I have two tables: 'places', 'reviews'

'places':
- id, int(10), unsigned, auto_increment, PRIMARY
- name, varchar(255)
- address, text

'reviews':
- id, int(10), INDEX
- comment, text

Each row has a unique id in the 'places' table, where as in the 'reviews' table, there can be multiple rows with the same id.

What I'm trying to do is to query my 'places' table but to create a new column called reviews that has the count of how many rows in the 'reviews' table matches the id in a given row in the 'places' table.

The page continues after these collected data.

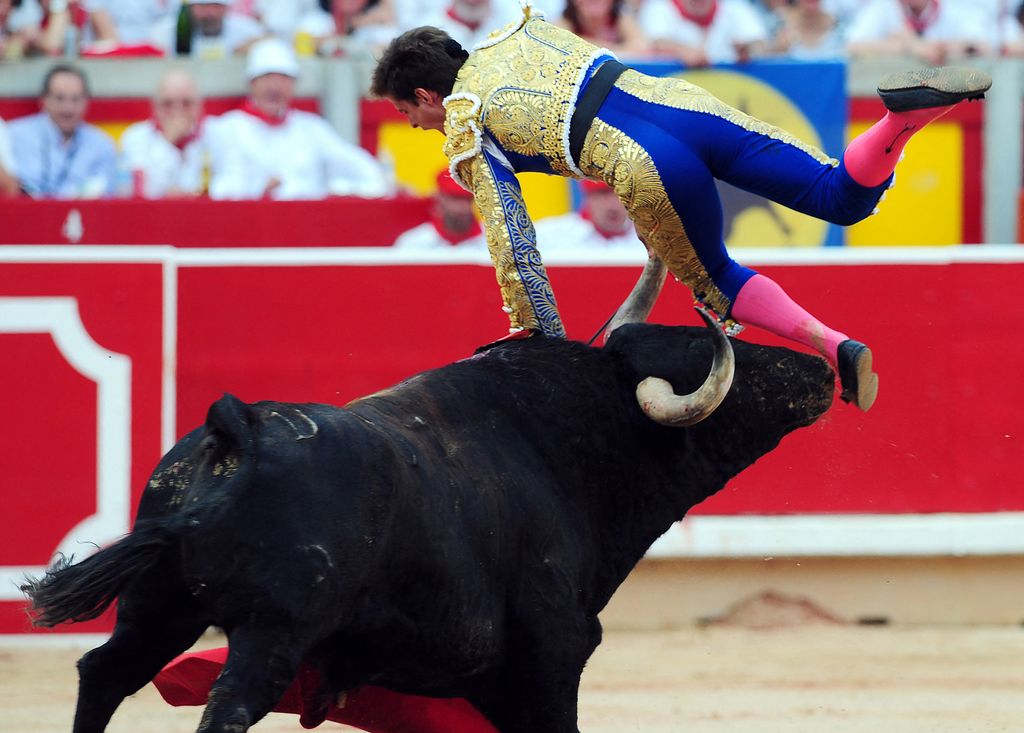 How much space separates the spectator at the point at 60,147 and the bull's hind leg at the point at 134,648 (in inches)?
177

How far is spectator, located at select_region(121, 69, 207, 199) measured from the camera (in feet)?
24.7

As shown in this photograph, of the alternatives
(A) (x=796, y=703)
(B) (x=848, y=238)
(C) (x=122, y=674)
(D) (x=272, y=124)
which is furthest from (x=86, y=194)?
(C) (x=122, y=674)

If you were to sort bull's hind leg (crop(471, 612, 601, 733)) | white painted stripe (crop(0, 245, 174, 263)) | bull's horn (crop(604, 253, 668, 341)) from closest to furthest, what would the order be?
bull's hind leg (crop(471, 612, 601, 733))
bull's horn (crop(604, 253, 668, 341))
white painted stripe (crop(0, 245, 174, 263))

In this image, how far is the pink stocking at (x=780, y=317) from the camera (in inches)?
156

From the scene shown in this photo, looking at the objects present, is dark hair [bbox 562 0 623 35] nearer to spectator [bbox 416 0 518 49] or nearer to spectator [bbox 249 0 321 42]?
spectator [bbox 416 0 518 49]

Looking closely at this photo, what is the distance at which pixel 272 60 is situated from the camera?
25.0 ft

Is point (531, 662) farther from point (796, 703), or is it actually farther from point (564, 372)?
point (796, 703)

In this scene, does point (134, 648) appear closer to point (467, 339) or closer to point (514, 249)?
point (514, 249)

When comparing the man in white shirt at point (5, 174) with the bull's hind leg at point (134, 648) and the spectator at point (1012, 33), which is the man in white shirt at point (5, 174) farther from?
the spectator at point (1012, 33)

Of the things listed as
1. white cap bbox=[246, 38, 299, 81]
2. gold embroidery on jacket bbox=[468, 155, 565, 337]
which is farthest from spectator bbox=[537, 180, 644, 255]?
gold embroidery on jacket bbox=[468, 155, 565, 337]

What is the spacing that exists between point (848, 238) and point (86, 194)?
338cm

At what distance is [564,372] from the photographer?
3.87m

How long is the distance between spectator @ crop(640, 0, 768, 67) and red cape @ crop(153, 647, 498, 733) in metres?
4.87

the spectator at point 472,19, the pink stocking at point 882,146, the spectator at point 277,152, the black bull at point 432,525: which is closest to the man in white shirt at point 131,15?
the spectator at point 277,152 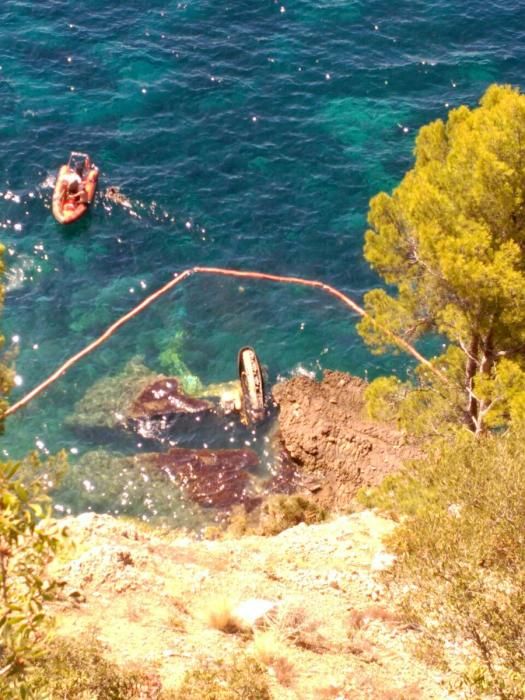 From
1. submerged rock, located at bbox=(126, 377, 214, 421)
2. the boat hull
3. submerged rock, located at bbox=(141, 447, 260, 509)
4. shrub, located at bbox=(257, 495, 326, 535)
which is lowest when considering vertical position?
submerged rock, located at bbox=(141, 447, 260, 509)

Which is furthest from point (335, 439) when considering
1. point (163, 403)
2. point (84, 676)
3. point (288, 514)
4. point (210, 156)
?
point (210, 156)

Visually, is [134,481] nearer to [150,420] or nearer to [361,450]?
[150,420]

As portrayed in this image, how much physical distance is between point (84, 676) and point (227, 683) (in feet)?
9.54

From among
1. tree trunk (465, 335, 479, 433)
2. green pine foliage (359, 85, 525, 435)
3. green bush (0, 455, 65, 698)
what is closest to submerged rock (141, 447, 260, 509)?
green pine foliage (359, 85, 525, 435)

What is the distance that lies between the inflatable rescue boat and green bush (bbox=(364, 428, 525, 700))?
88.9 feet

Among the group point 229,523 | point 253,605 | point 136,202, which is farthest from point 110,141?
point 253,605

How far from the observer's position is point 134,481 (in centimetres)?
2917

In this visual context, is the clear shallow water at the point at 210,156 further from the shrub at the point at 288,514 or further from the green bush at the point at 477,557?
the green bush at the point at 477,557

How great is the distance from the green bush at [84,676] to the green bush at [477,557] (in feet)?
17.7

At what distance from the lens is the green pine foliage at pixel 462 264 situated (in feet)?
60.3

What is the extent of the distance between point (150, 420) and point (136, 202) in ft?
46.7

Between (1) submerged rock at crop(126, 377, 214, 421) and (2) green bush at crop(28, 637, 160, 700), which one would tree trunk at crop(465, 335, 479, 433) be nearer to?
(2) green bush at crop(28, 637, 160, 700)

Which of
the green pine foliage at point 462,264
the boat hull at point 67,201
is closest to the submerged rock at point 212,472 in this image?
the green pine foliage at point 462,264

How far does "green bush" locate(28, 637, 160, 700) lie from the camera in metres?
12.0
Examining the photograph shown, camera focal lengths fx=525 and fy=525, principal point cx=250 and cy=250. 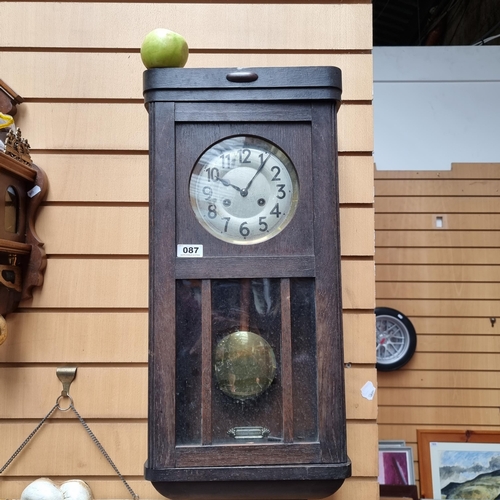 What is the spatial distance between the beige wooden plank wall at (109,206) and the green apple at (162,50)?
0.30m

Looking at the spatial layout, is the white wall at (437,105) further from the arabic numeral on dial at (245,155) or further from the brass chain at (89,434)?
the brass chain at (89,434)

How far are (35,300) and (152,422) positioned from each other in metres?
0.54

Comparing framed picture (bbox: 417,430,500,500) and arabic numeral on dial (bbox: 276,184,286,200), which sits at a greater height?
arabic numeral on dial (bbox: 276,184,286,200)

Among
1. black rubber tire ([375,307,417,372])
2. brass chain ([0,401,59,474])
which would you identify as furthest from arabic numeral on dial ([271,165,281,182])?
black rubber tire ([375,307,417,372])

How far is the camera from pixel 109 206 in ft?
4.70

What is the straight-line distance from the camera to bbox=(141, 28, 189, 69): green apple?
115 cm

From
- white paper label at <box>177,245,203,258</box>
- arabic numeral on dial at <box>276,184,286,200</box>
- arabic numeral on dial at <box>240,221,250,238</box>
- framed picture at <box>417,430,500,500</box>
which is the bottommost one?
framed picture at <box>417,430,500,500</box>

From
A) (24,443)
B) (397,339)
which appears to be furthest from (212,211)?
(397,339)

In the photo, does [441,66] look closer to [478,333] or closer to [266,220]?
[478,333]

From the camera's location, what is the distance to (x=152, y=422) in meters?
1.08

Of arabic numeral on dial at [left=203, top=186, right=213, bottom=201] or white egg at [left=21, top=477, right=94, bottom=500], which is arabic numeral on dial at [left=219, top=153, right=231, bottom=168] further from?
white egg at [left=21, top=477, right=94, bottom=500]

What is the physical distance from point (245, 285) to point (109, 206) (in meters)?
0.53

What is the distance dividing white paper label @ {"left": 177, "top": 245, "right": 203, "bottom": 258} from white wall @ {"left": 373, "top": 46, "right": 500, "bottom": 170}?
2.17m

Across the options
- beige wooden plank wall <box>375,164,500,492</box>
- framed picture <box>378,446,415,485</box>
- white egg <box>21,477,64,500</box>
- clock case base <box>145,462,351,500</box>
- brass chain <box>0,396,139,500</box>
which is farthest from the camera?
beige wooden plank wall <box>375,164,500,492</box> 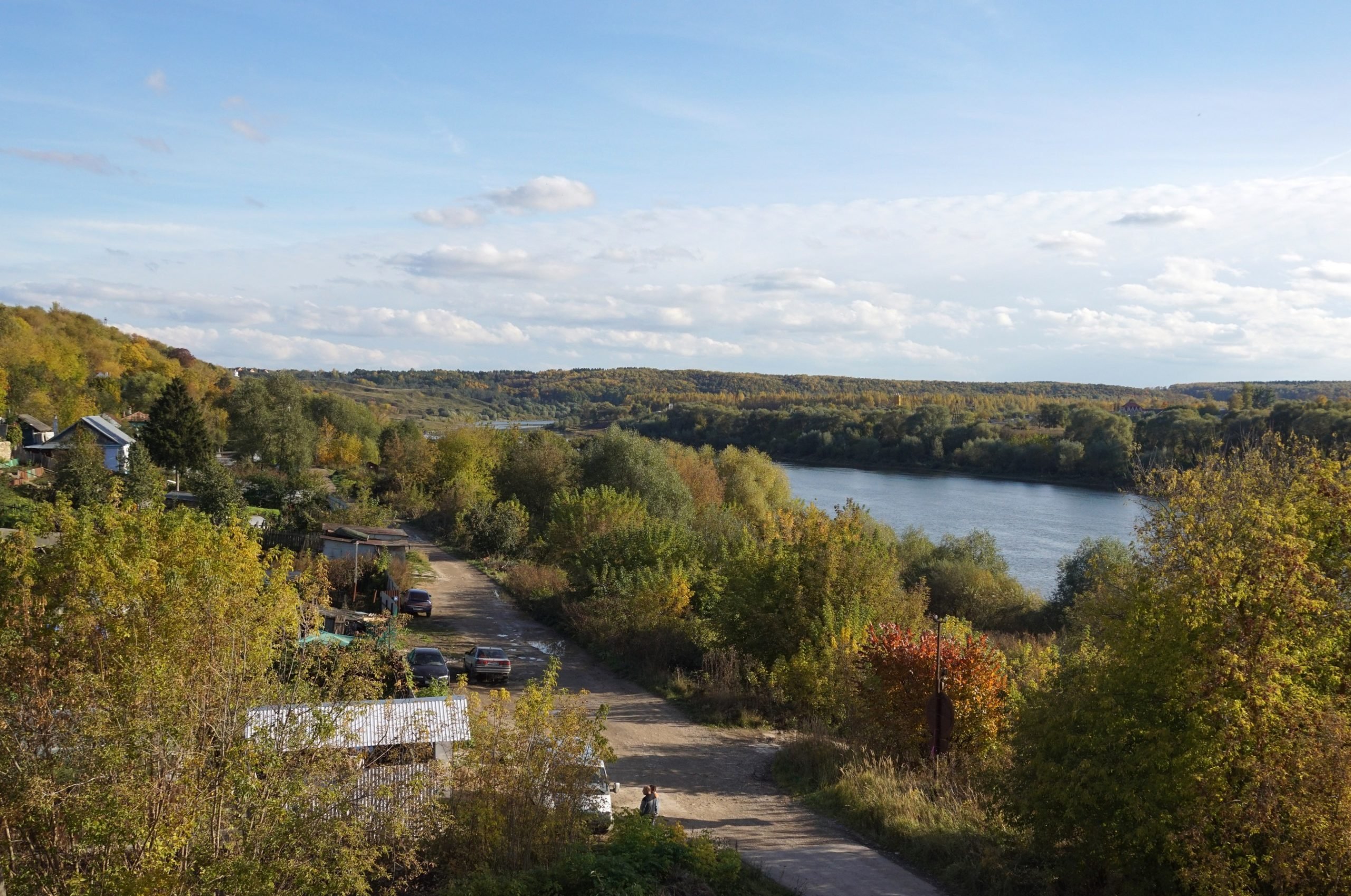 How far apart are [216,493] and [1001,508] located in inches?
1855

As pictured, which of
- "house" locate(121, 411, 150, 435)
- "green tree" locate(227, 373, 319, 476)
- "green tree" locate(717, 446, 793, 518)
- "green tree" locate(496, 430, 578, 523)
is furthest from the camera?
"house" locate(121, 411, 150, 435)

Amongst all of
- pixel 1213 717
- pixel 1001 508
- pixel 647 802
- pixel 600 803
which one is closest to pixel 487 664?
pixel 600 803

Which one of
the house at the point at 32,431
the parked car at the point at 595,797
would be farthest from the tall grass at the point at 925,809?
the house at the point at 32,431

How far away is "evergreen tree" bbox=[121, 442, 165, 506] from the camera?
110ft

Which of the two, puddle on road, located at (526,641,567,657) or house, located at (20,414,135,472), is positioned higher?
house, located at (20,414,135,472)

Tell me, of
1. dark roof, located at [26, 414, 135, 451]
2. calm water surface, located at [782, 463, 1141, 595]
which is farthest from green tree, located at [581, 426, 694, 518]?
dark roof, located at [26, 414, 135, 451]

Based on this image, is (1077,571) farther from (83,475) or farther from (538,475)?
(83,475)

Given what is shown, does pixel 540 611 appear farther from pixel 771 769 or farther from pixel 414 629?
pixel 771 769

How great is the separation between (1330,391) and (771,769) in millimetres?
117040

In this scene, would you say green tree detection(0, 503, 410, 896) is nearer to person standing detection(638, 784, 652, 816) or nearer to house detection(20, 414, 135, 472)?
person standing detection(638, 784, 652, 816)

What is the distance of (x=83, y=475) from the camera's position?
32.5 m

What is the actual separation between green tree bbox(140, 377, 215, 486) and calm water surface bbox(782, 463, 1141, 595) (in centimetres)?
3455

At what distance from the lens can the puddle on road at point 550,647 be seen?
24.6 meters

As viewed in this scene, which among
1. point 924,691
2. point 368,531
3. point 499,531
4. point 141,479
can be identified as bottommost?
point 499,531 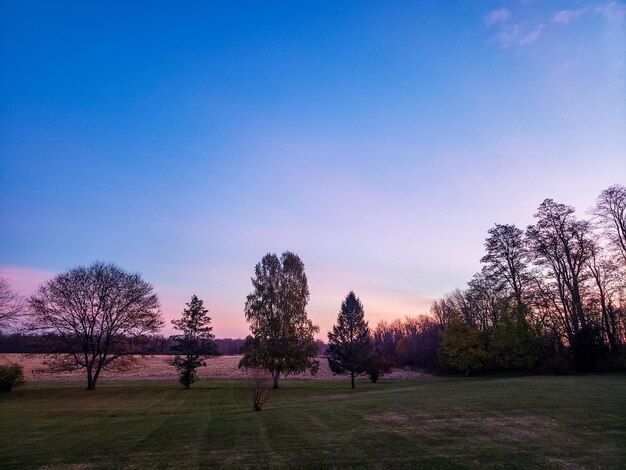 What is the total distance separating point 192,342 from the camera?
42.5 meters

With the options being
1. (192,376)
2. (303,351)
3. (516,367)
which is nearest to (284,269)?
(303,351)

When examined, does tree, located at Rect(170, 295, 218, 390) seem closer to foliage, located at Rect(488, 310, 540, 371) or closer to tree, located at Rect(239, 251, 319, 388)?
tree, located at Rect(239, 251, 319, 388)

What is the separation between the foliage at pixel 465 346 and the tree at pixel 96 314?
1369 inches

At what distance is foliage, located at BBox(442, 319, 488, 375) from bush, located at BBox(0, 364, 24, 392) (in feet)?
155

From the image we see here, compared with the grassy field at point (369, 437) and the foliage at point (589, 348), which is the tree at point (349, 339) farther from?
the grassy field at point (369, 437)

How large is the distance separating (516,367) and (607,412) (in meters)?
35.1

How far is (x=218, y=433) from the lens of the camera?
1345 cm

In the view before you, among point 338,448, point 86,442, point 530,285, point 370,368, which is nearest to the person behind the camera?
point 338,448

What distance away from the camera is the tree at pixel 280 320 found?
40125mm

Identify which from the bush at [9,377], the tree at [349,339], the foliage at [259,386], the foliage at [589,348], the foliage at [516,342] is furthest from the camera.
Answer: the tree at [349,339]

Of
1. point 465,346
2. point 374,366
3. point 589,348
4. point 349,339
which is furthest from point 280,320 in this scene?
point 589,348

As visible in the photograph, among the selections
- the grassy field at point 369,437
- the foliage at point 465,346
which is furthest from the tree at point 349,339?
the grassy field at point 369,437

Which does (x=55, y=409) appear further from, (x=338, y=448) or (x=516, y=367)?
(x=516, y=367)

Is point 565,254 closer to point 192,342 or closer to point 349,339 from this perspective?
point 349,339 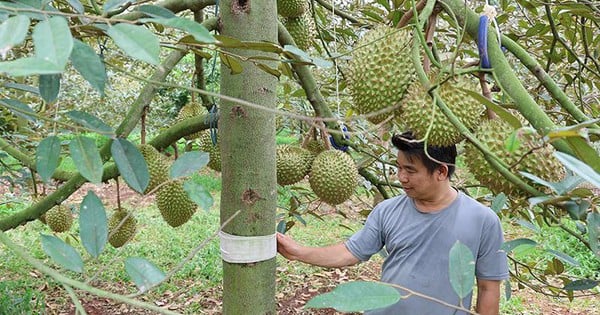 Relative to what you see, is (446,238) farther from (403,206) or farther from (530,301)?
(530,301)

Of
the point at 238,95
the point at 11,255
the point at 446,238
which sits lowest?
the point at 11,255

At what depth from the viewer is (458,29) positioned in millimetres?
611

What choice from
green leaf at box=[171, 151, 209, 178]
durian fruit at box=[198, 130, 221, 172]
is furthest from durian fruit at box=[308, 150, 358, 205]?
green leaf at box=[171, 151, 209, 178]

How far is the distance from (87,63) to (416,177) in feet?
3.03

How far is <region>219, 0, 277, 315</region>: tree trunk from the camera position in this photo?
90 centimetres

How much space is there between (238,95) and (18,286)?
2.77m

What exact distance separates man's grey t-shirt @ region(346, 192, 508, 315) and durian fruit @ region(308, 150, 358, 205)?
0.61ft

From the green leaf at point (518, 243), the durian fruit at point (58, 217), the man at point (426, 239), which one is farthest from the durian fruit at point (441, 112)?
the durian fruit at point (58, 217)

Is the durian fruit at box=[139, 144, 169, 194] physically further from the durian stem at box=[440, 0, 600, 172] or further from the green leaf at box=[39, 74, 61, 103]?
the durian stem at box=[440, 0, 600, 172]

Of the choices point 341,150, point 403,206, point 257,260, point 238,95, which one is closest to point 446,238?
point 403,206

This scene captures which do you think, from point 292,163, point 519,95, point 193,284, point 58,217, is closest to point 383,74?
point 519,95

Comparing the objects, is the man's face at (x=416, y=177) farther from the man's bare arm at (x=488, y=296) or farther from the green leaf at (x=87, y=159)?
the green leaf at (x=87, y=159)

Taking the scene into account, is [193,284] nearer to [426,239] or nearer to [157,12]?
[426,239]

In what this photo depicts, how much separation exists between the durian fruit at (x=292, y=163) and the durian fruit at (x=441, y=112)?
2.00ft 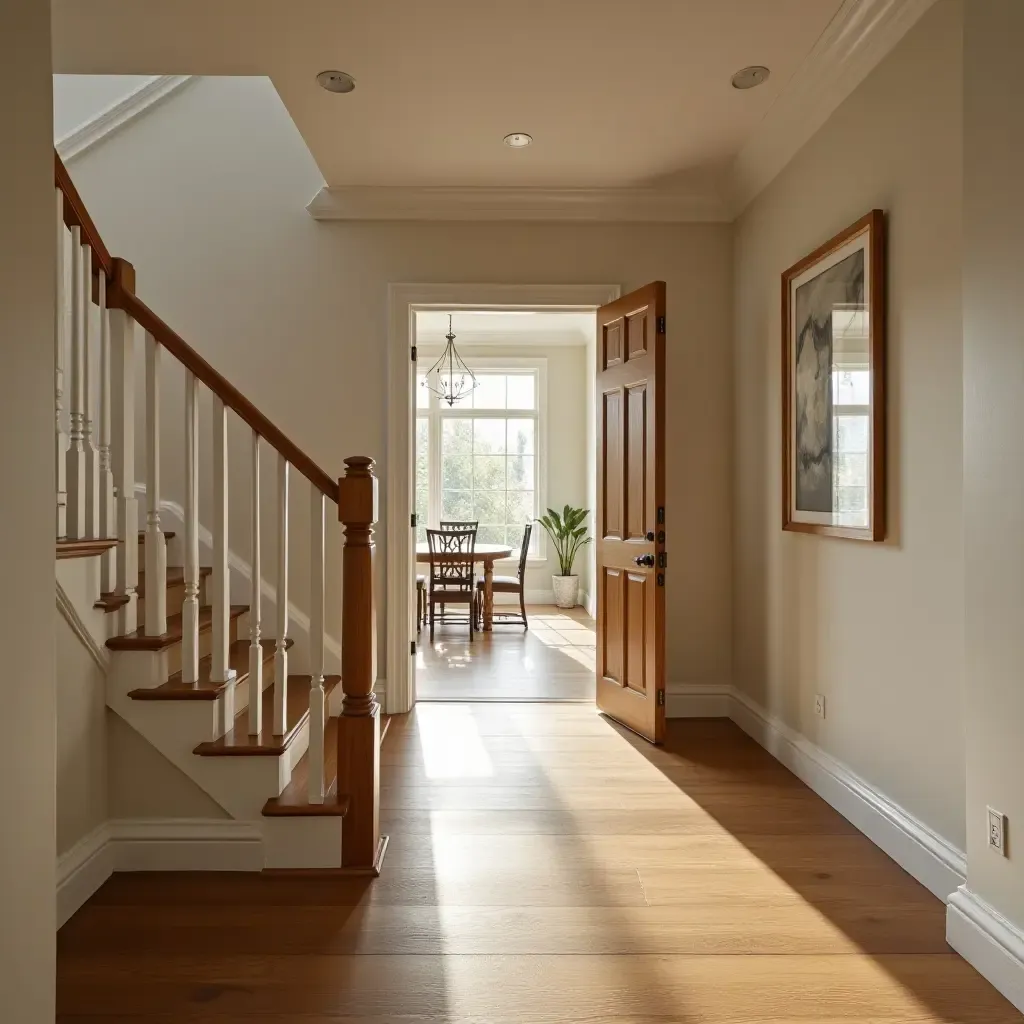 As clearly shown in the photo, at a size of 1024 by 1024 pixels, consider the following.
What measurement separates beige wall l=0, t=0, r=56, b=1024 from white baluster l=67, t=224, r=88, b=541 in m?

My current query looks like this:

"SELECT * FROM places"

Any help is greatly appreciated.

 

ocon




msg:4356798
 7:18 pm on Aug 30, 2011 (gmt 0)

Let me add that when I try something like the following query it only outputs one row and doesn't give me a count, though it does seem closer to the right answer than my basic query above:

"SELECT *, COUNT(reviews.id) AS review_count FROM places, reviews WHERE places.id = reviews.id"

Dijkgraaf




msg:4356872
 9:52 pm on Aug 30, 2011 (gmt 0)

Something like

select places.id, places.name, places,address, (select count(1) from reviews where reviews.id = places.id) as review_count
from places

You could have gone further with your select

SELECT *, COUNT(reviews.id) AS review_count FROM places, reviews WHERE places.id = reviews.id

by changing it to the below.

"SELECT places.id, places.name, places.address, COUNT(reviews.id) AS review_count FROM places, reviews WHERE places.id = reviews.id"
GROUP BY places.id, places.name, places.address

Hopefully I have the syntax correct as I haven't run them ;-)

ocon




msg:4356897
 10:44 pm on Aug 30, 2011 (gmt 0)

Thank you, that was incredibly helpful and worked great. I used your first recommendation.

My only question is I don't understand the count(1) part. Is that because the id is the first column in the reviews table?

Dijkgraaf




msg:4356910
 11:47 pm on Aug 30, 2011 (gmt 0)

You could put either count(1) or count(*) it doesn't make much of a difference (none in the results), but there is some debate about performance of one versus the other. Do a search on count(1) and you will find various pages either saying one or the other is better or that they are both the same.

The count(1) just says count the number rows based on a pseudo column with he value 1.

penders




msg:4357053
 10:39 am on Aug 31, 2011 (gmt 0)

Just a curiosity... do you not have a primary key on your reviews table?